徳島・橋本イップス克服「抑え」で復活
【徳島・橋本 隼投手】
橋本隼は一昨年、愛媛で35試合に登板し4勝を挙げている。だが昨年は8試合にしか登板していない。理由は、思ったところにボールが投げられなくなっていたからだ。
「リズムつかんだら投げられるときもあるんですけど、どうしてもダメでしたね。練習のキャッチボールでもダメで。だんだん自分自身が嫌になってきて……」
昨年9月、東予球場で完封負けを喫した試合後、当時の主将・藤長賢司から火の出るような勢いで叱り飛ばされたことがある。ふがいない投球しかできずにマウンドを降り、まだ試合が終わっていないにも関わらず、声も出さないで自分の殻に閉じこもっていたからだった。
「みんな、必死になってやってんねん!お前の尻拭いしてくれた奴もおんねん!お前、声かけたんかい!副キャプテンやのに、そんなんでええんか!」
けん制球までワンバウンドになってしまうような状態にパニックを起こしていた。もがき苦しみ続けるなか、周りが見えていない。
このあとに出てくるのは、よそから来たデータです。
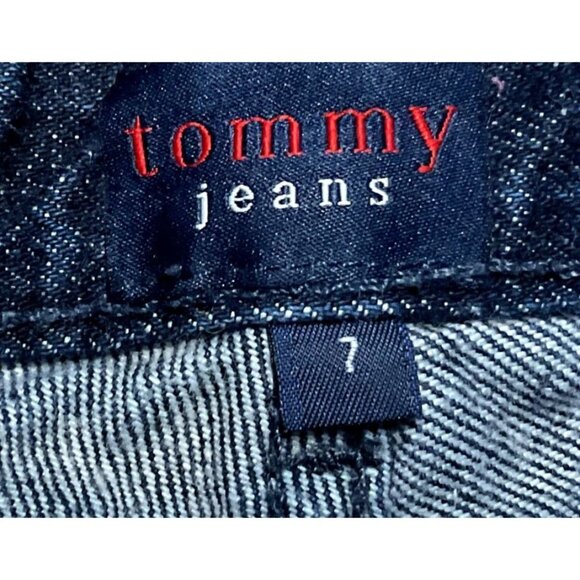 VTG Y2K HIPSTER FLARE JEANS SIZE 7 BLUE TOMMY HILFIGER FLAG WAISTBAND WOMENS - Picture 5 of 7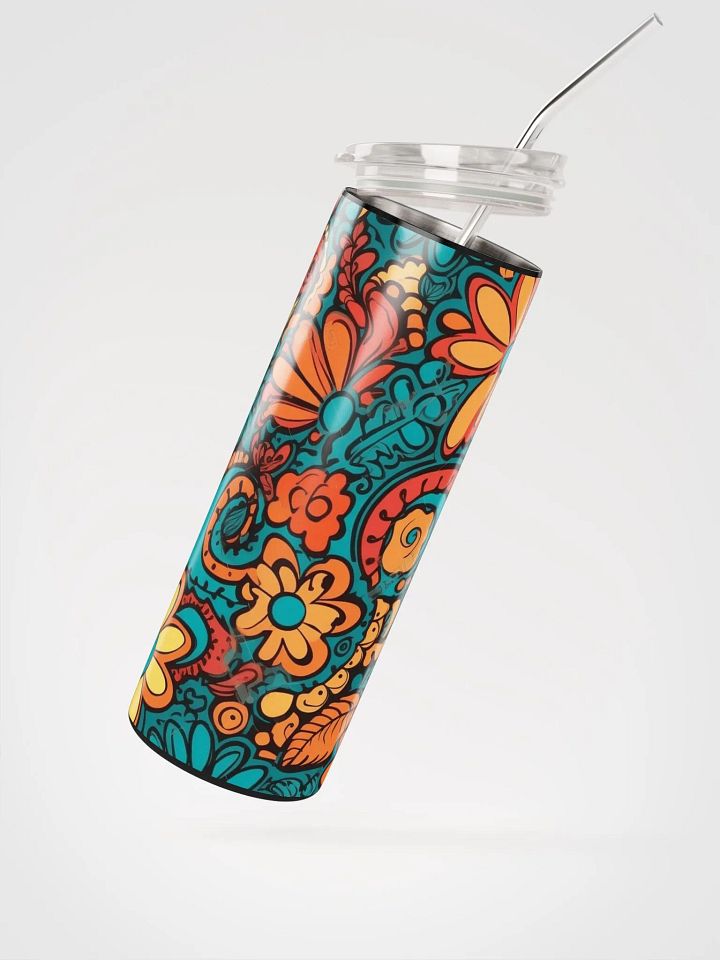 Groovy Hippie Stainless Steel Tumbler | Eco-Friendly 20oz Cup with Reusable Straw! product image (2)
帰りのバスではもう、自己嫌悪しかなかった。
しかし、好転のきっかけは突然訪れる。坊っちゃんスタジアムで行われたチャンピオンシップ第3戦のウォーミングアップ中だった。
「ずっと『前の自分に戻そう。投げられる状態に戻すんだ』と思っていたんですけど『ああ、ダメだ。新しくするしかないな。新しい自分を作ろう』と思ったら急に『あ、いけるかも……』って」
以前、元アイランド・リーガーの篠原慎平(巨人育成)が肩の手術から復活した記事を読んだ。「前の自分に戻るのではなく、新しい自分を作ろう」そう考えていたというエピソードが、記憶の片隅に残っていた。
徳島の球団代表、坂口裕昭は「橋本は島田前監督の“置き土産”なんです。『もし、愛媛が橋本をリリースすることがあったら、徳島で面倒を見てやってほしい。あいつはまだまだやれるはずだから』そう言って、横浜に行ったんです」と言う。
徳島でクローザーという難しい仕事を与えられながら「復活」と言える活躍を見せている。